TGC-1 is the leading producer of electricity and a strategic supplier of heat energy in northwestern Russia. The company's share in the thermal energy market is about 48% in St Petersburg, nearly 80% in Petrozavodsk, 75% in Murmansk and 100% in Apatity and Kirovsk.

The company's main shareholders are Gazpromenergoholding (51.79%) and Fortum Power and Heat Oy (25.66%).

In 2010 the thermal networks in the zones covered by TGC-1 were separated into an independent company, the St Petersburg Thermal Network. The new infrastructure enterprise manages both long-distance thermal networks owned by TGC-1 and neighbourhood networks previously run by the State Unitary Enterprise St Petersburg Fuel and Energy Complex. The reorganisation greatly enhanced the reliability of consumer thermal energy distribution and attracted targeted investment in the modernisation and development of the thermal network complex.

The Yuzhnaya TETs provides electricity and heating for industry, residential housing and public buildings in the Moskovsky, Frunzensky and Nevsky Districts of St Petersburg. The population of its distribution area is about 900,000.

The Yuzhnaya TETs project was approved by the USSR Energy Ministry in 1975. The station produced its first heating energy in 1977 and was in full commercial operation by 1978. Over the following eight years, three of the four 250 megawatt units were brought on-line. However, construction was suspended in 1987 because of the shortage of financing.
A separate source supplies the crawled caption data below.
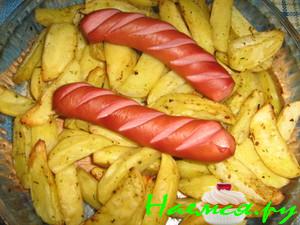 Картошка деревенская с сосисками Картошка деревенская с сосисками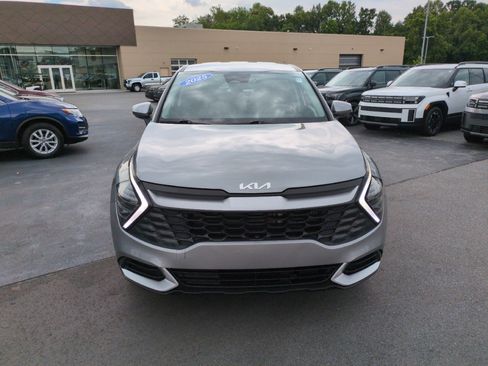 Used 2025 Kia Sportage LX FWD image 2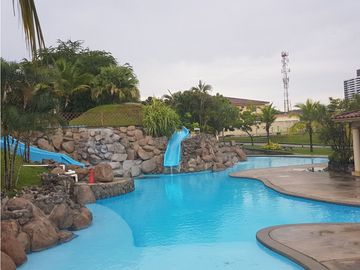 VENTA DE CASA  EN CONDADO DEL REY RESIDENCIAL DORADO SPRING 177M2 JP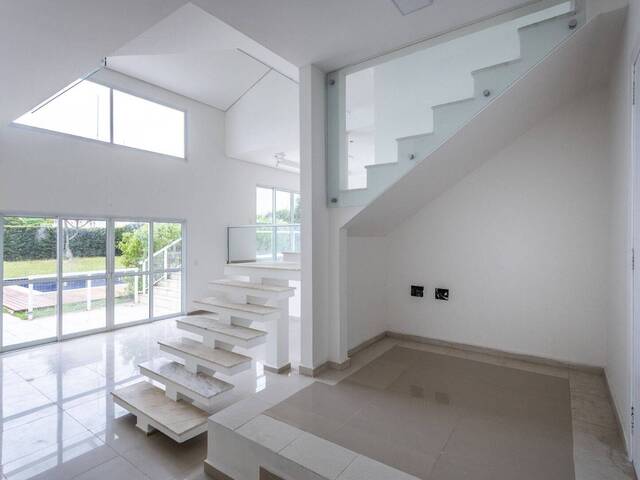 Casa para Venda em Santana de Parnaíba - 3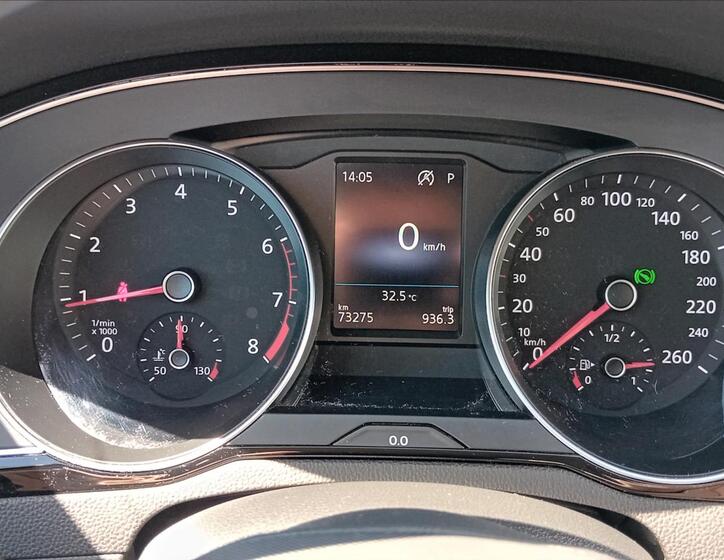 Volkswagen Passat 16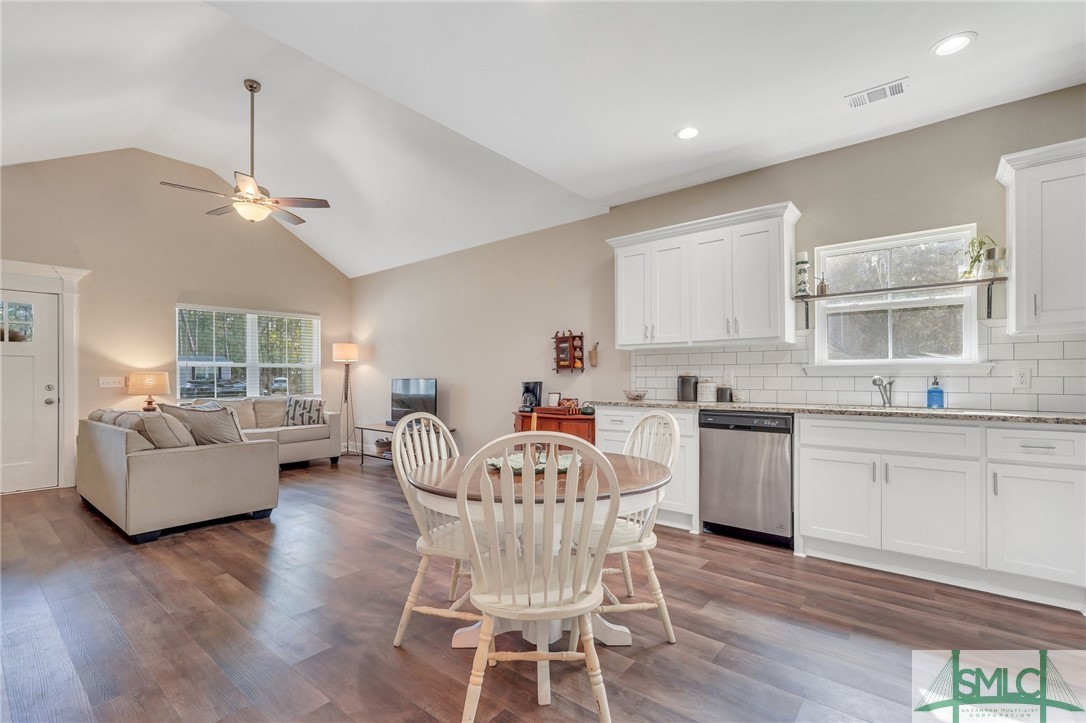 123 Circle Road Midway, GA 31320 - Photo 12 of 50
In 2008 work began to expand the Yuzhnaya TETs by installing a new steam gas generator with a capacity of 450 MWe and 341 Gcal/h thermal energy. Most of the equipment is provided by Russian companies: Silovye Mashiny and Podolsky Zavod. Station capacity will increase from 750 to 1200 Megawatt and the thermal capacity from 2190 to 2531 Gcal/h.

The project will eliminate power shortages in St Petersburg and the Leningrad Region, reduce air pollution and provide a powerful impetus to the development of the industrial and business complex near the Circular Highway.

The materials and technology used in the project meet international environmental standards. The Yuzhnaya TETs was awarded the certificate of the Environmental Management System on 1 January 2011.